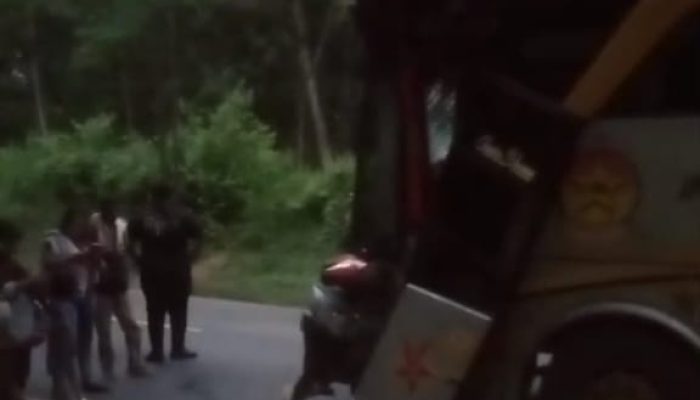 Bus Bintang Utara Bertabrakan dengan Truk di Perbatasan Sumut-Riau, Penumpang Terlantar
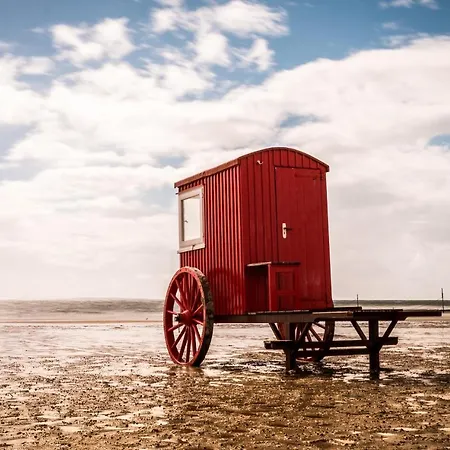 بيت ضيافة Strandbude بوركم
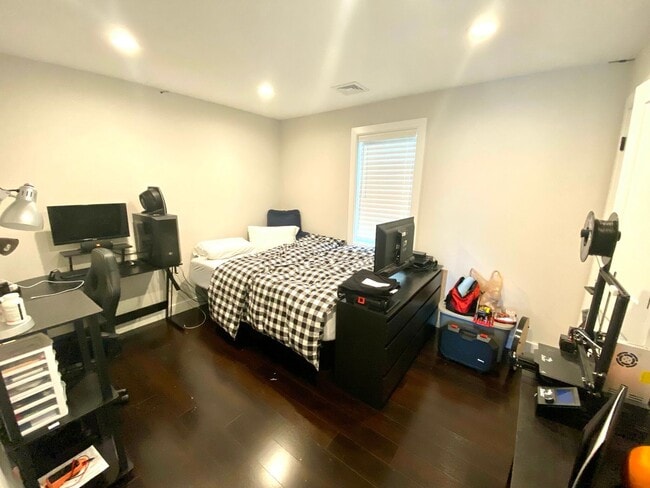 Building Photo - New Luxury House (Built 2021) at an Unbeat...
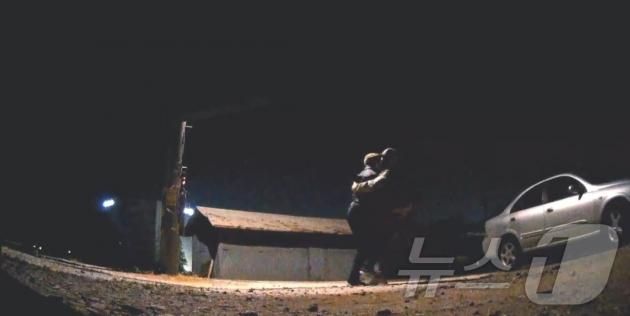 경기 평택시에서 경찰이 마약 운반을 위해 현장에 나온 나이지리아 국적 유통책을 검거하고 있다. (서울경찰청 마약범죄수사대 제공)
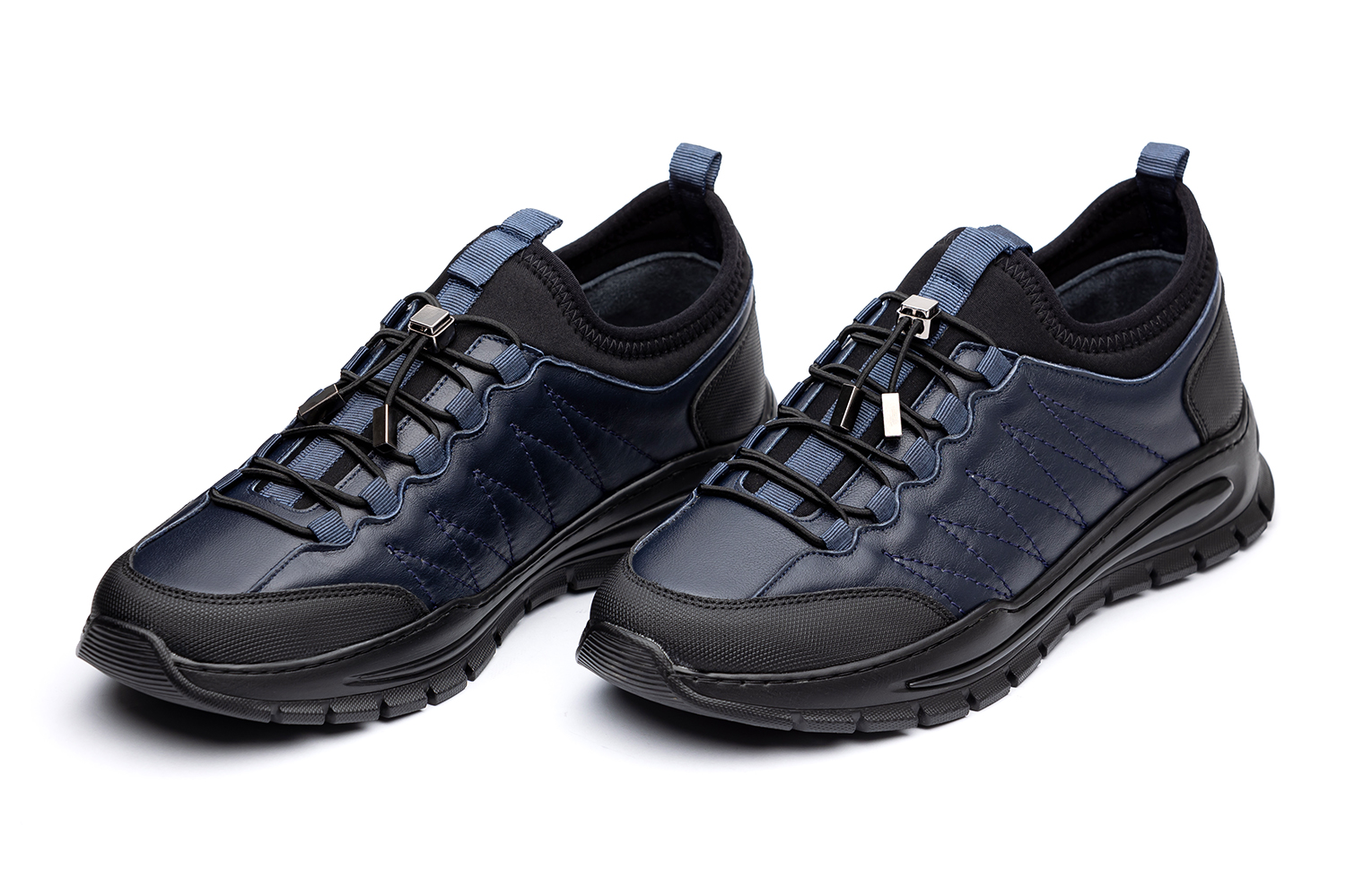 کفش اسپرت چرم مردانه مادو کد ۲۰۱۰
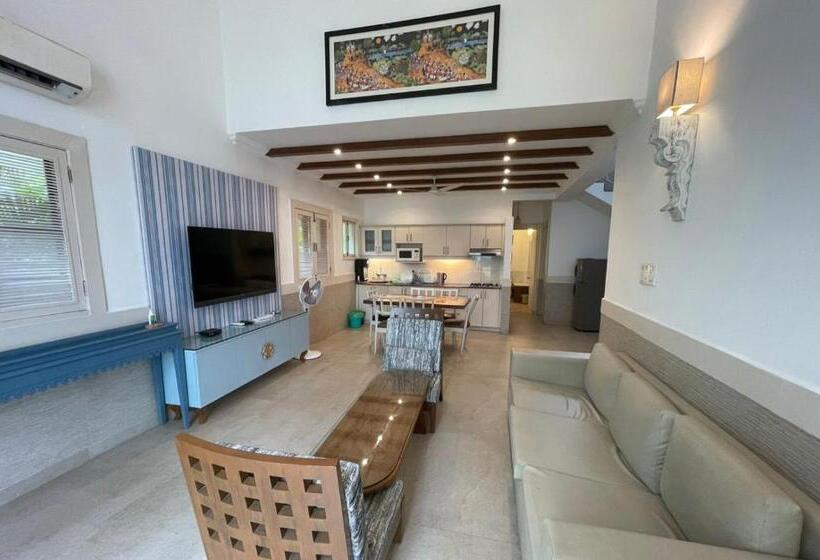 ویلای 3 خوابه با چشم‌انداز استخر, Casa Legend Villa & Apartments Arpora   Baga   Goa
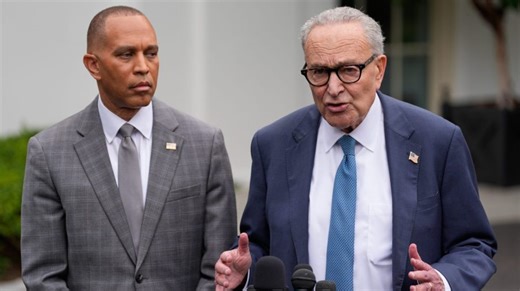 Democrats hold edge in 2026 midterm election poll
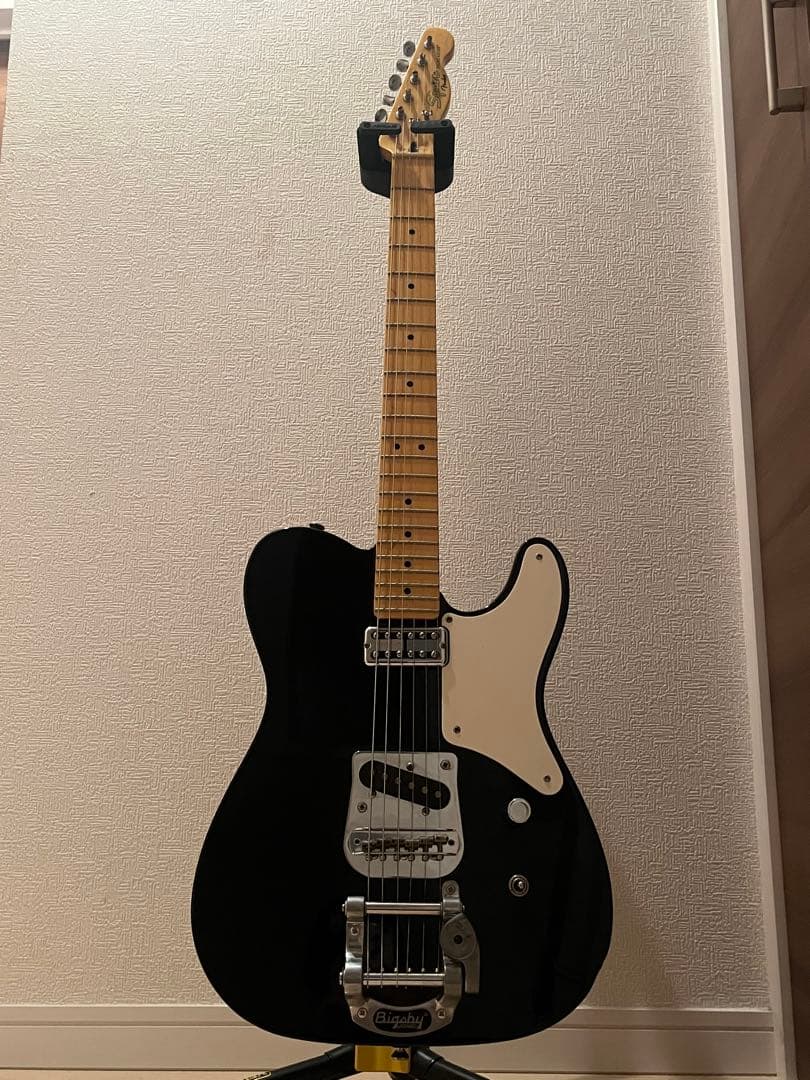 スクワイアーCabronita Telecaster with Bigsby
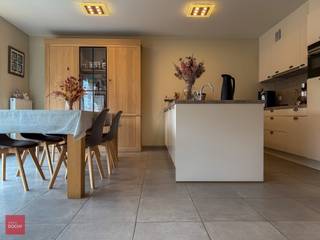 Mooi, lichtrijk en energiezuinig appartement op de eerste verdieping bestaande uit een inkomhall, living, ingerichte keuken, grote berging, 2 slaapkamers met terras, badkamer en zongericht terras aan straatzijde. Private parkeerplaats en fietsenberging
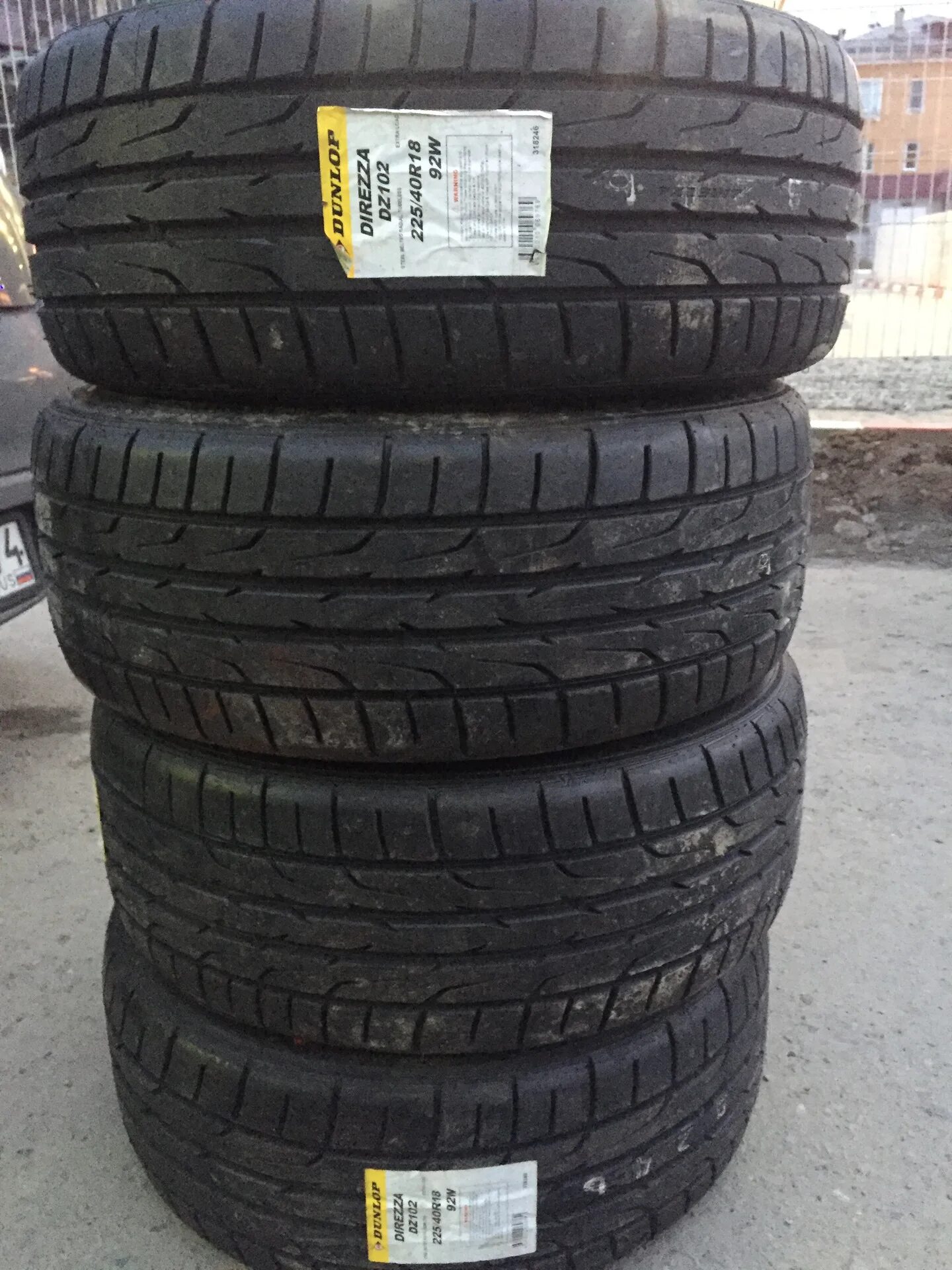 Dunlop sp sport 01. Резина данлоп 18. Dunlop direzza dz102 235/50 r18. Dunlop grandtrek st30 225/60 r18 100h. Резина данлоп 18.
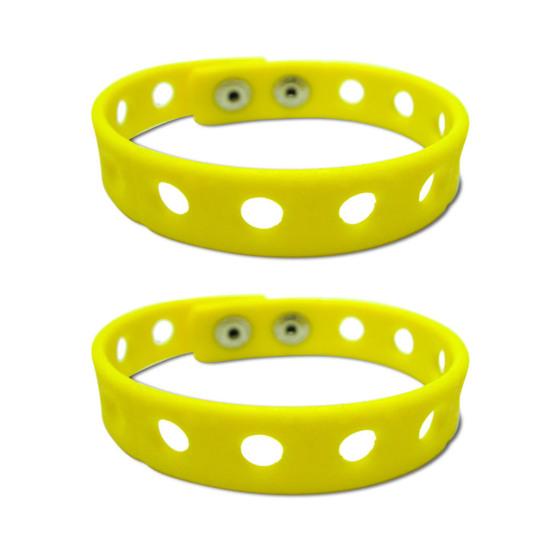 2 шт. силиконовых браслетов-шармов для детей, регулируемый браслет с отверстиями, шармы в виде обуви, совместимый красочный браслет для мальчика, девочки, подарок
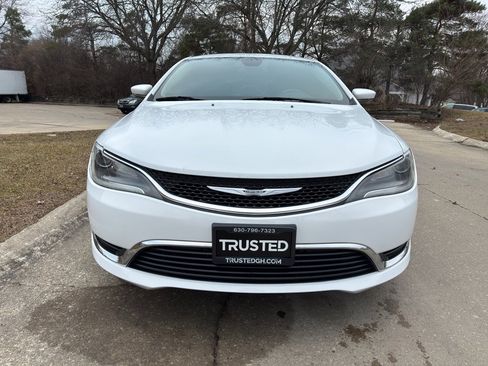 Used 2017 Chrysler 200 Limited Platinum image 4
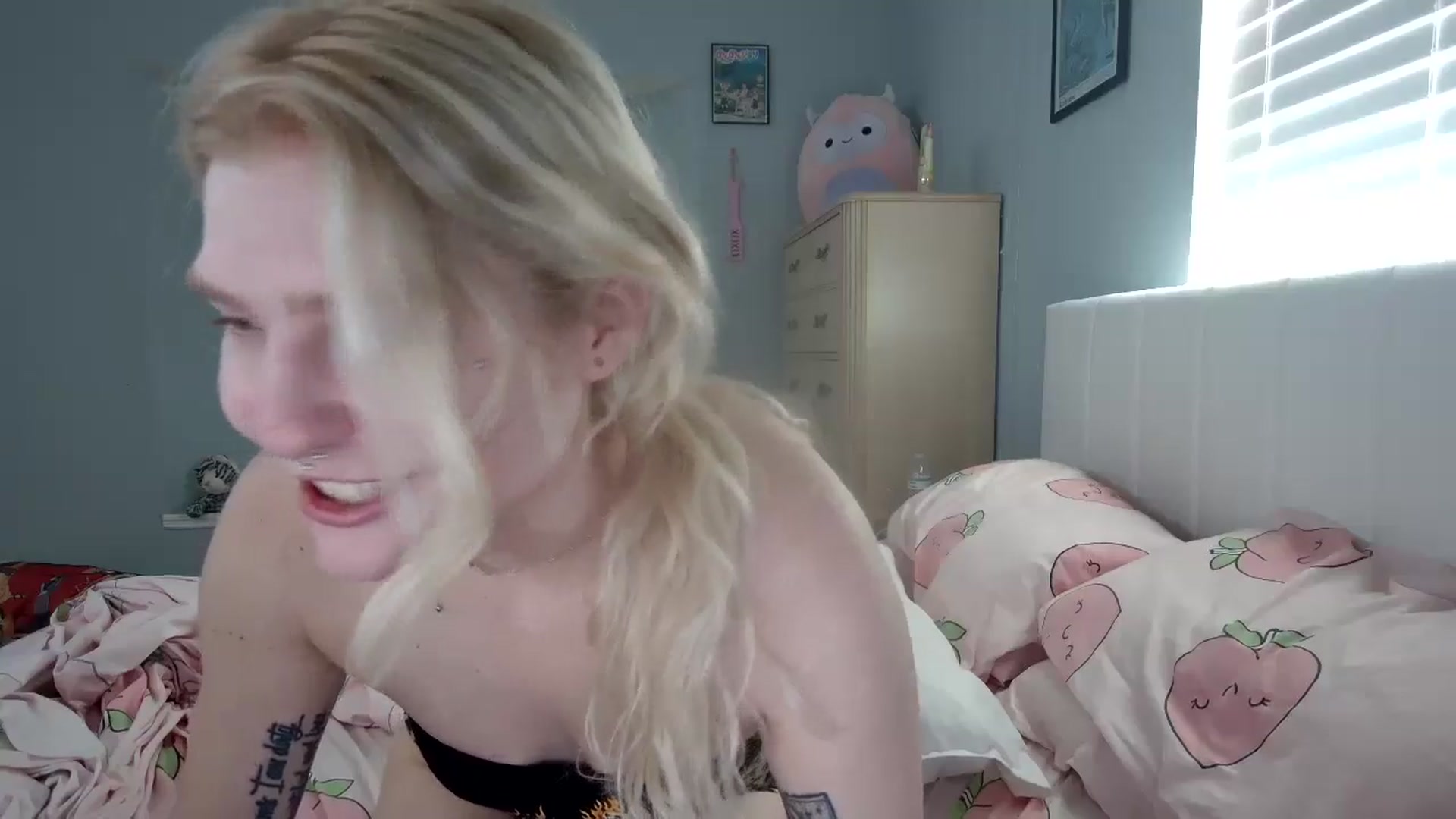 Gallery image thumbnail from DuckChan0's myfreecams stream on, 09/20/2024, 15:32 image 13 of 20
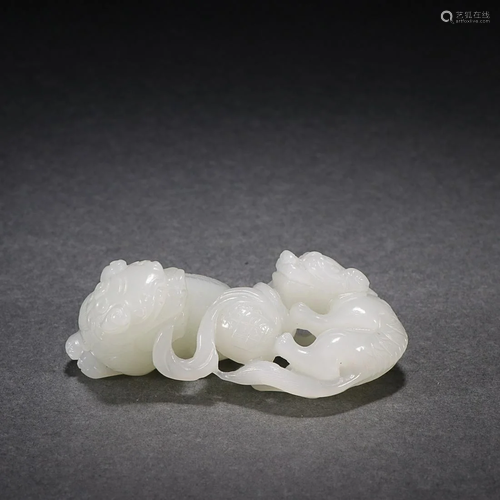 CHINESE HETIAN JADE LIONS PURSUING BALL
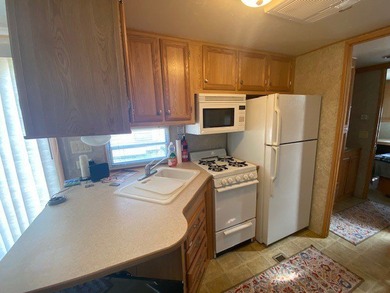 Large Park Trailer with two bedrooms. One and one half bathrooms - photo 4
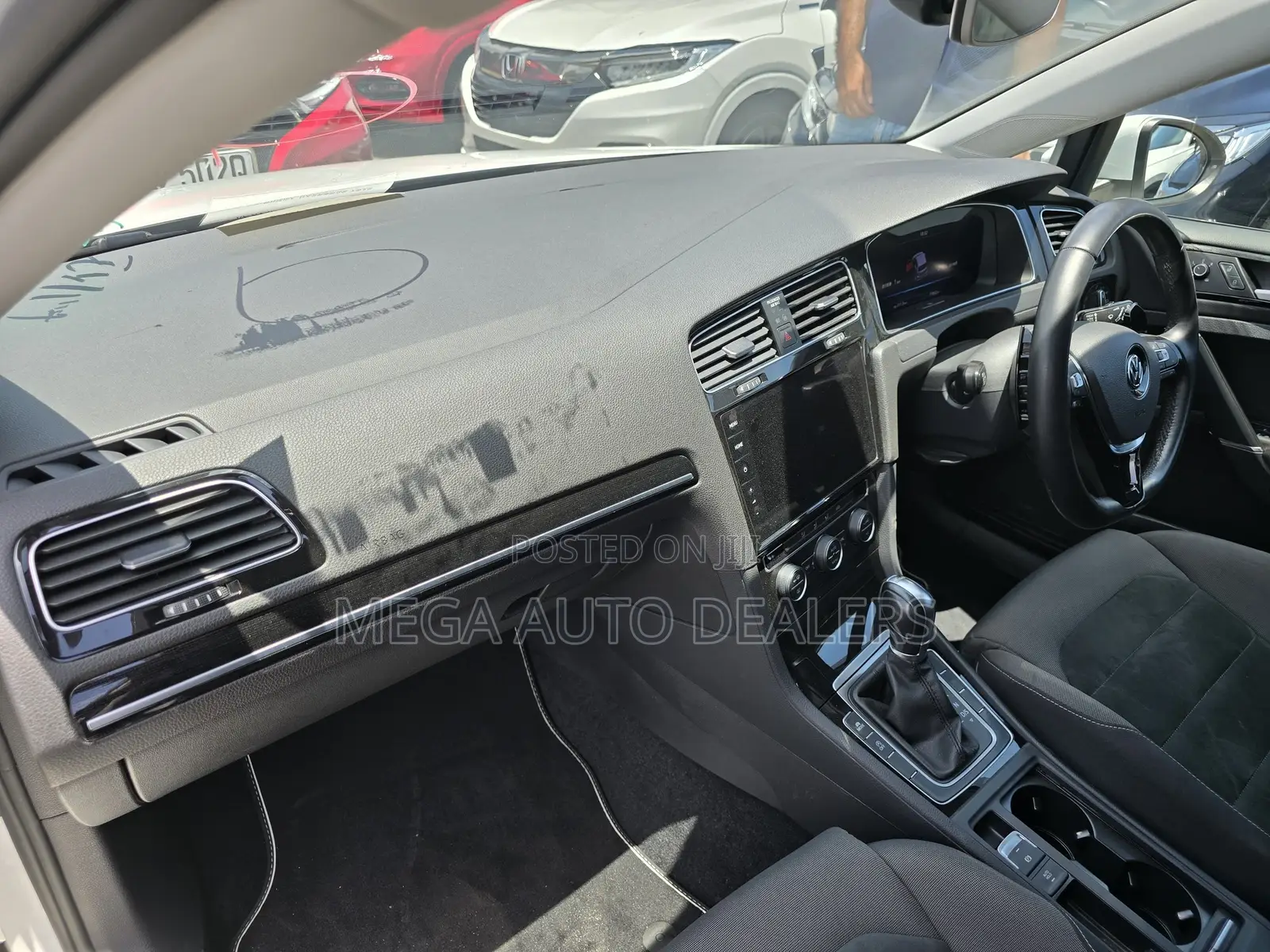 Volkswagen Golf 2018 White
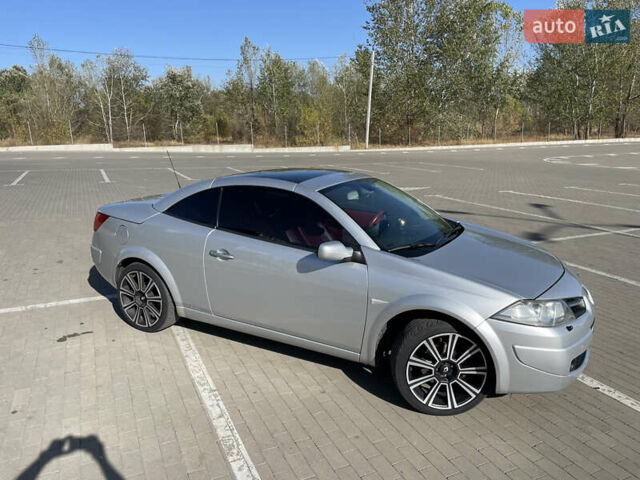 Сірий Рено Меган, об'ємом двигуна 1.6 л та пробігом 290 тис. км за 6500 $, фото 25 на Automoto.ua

===============

**WHAT TO WORK ON:**
No picture belongs in the copy; return the rest of the listing exactly.

**TASK RESULT:**
 Bus Bintang Utara Bertabrakan dengan Truk di Perbatasan Sumut-Riau, Penumpang Terlantar
 بيت ضيافة Strandbude بوركم
 Building Photo - New Luxury House (Built 2021) at an Unbeat...
 경기 평택시에서 경찰이 마약 운반을 위해 현장에 나온 나이지리아 국적 유통책을 검거하고 있다. (서울경찰청 마약범죄수사대 제공)
 کفش اسپرت چرم مردانه مادو کد ۲۰۱۰
 ویلای 3 خوابه با چشم‌انداز استخر, Casa Legend Villa & Apartments Arpora   Baga   Goa
 Democrats hold edge in 2026 midterm election poll
 スクワイアーCabronita Telecaster with Bigsby
 Mooi, lichtrijk en energiezuinig appartement op de eerste verdieping bestaande uit een inkomhall, living, ingerichte keuken, grote berging, 2 slaapkamers met terras, badkamer en zongericht terras aan straatzijde. Private parkeerplaats en fietsenberging
 Dunlop sp sport 01. Резина данлоп 18. Dunlop direzza dz102 235/50 r18. Dunlop grandtrek st30 225/60 r18 100h. Резина данлоп 18.
 2 шт. силиконовых браслетов-шармов для детей, регулируемый браслет с отверстиями, шармы в виде обуви, совместимый красочный браслет для мальчика, девочки, подарок
 Used 2017 Chrysler 200 Limited Platinum image 4
 Gallery image thumbnail from DuckChan0's myfreecams stream on, 09/20/2024, 15:32 image 13 of 20
 CHINESE HETIAN JADE LIONS PURSUING BALL
 Large Park Trailer with two bedrooms. One and one half bathrooms - photo 4
 Volkswagen Golf 2018 White
 Сірий Рено Меган, об'ємом двигуна 1.6 л та пробігом 290 тис. км за 6500 $, фото 25 на Automoto.ua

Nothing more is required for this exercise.